Czytając wątki na forum zaobserwowałem, że kręcą się one wokół słowa "wycena" . Chciałbym zwrócić uwagę, że wycena giełdowa czyli kapitalizacja nie ma wiele wspólnego z wyceną przedsiębiorstwa. Pomijając metody wyceny przedsiębiorstwa i ich teorię w przypadku tej firmy może ona być warta np. 0 zł jak i 100 czy 200mln zł. Niestety nie da się tego stwierdzić bez danych o firmie , jej projektach i planach. Więc na dziś twierdzenie ze coś jest drogie czy tanie jest bez sensu.

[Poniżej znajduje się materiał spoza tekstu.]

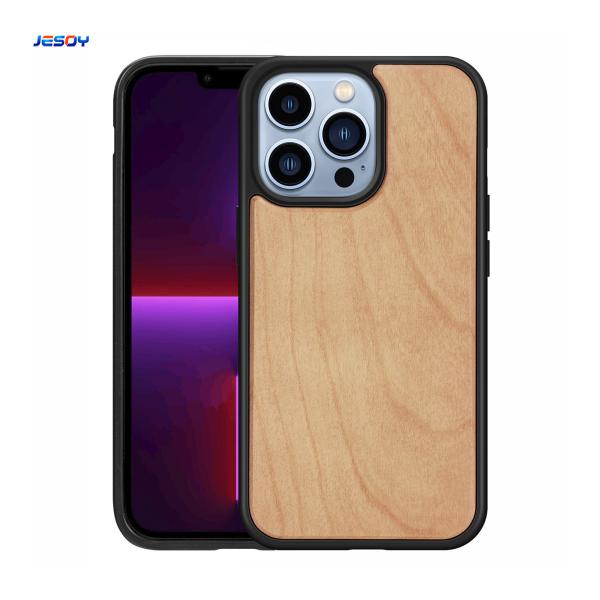 Buy cheap TPU Bumper Real Bamboo Wooden Mobile Cases Wood Phone Case Eco Friendly from wholesalers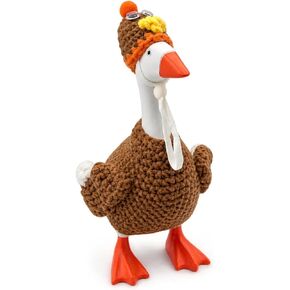 Thanksgiving 7 Inch Desk Goose Outfits Turkey Clothes for Desk Goose in Saudi Arabia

Oczywiście "podmiot powiązany itd. ... " ma więcej danych niż rynek i może ma jakieś plany po uzyskaniu władztwa nad spólką, a może tylko chce odrobić błędną inwestycje ???? Tego nie wiemy.

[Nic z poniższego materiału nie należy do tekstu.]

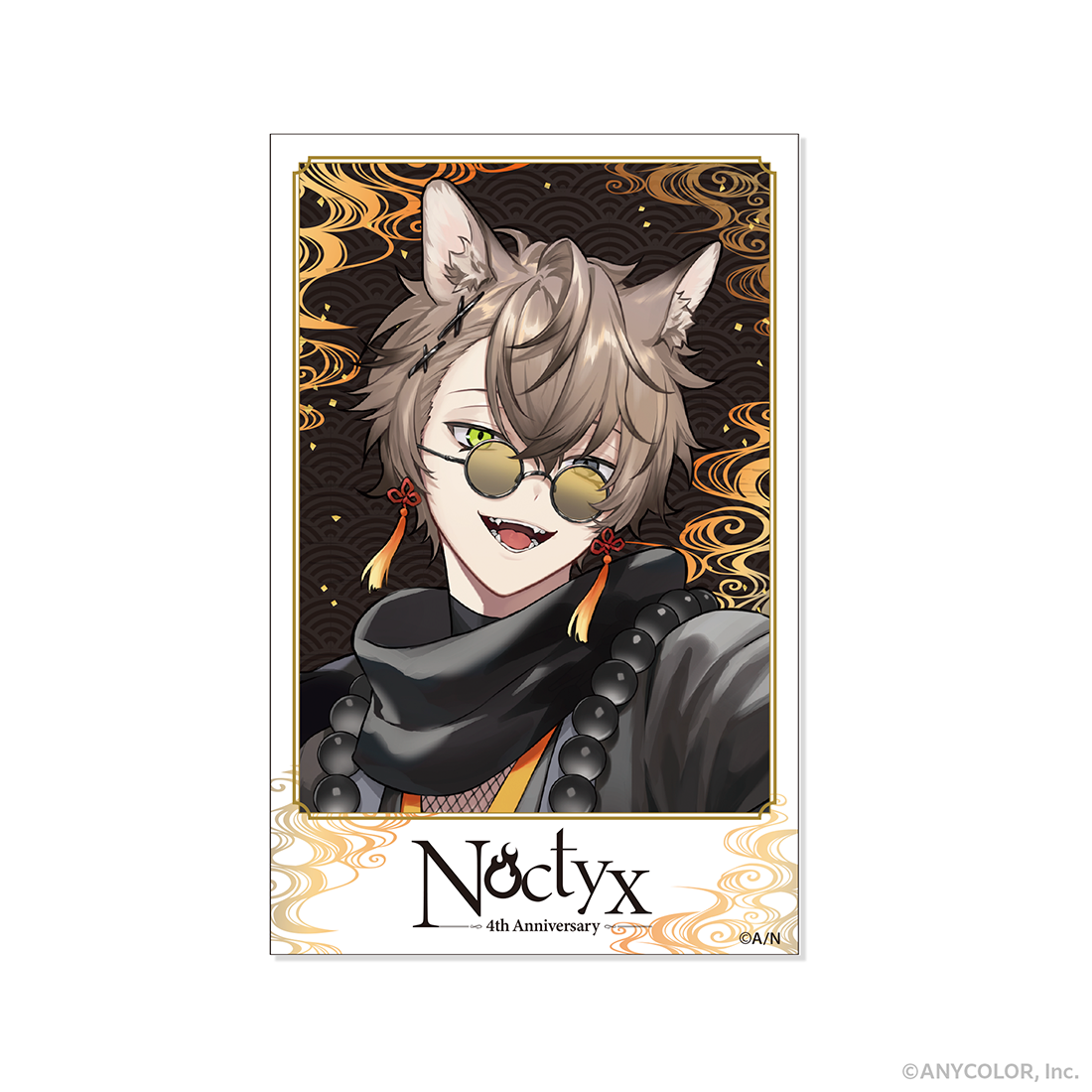 【Noctyx 4th Anniversary】フォト風カード2枚セット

Faktem jest jedno - można te spólke kupić za mniej więcej kurs razy ilość akcji plus długi plus kary itp. To będzie i tak kwota prawdopodobnie grubo ponad 100mln /gdyby publikowali raporty można by było podać dokładnie/ . Do ceny przejęcia aby spólka mogła działać i przynosić zysk, należy dodać konieczny pieniądz obrotowy /kredyt, kapitał inwestora, kolejne emisje/. Zatem zalecam aby nie mówić, że wystarczy kupić sobie akcje za 30mln i to wystarczy aby Świat był piękny. Niestety tak nie jest, a błąd takiego rozumowania wynosi miliony. Prowadzona jest gra której bez danych nie można ocenić. Przypomne jak w każdym poście - rok finansowy skończył się 4 miesiące temu, pierwszy kwartał kolejnego roku 17 dni temu! I nieliczni te dane znają!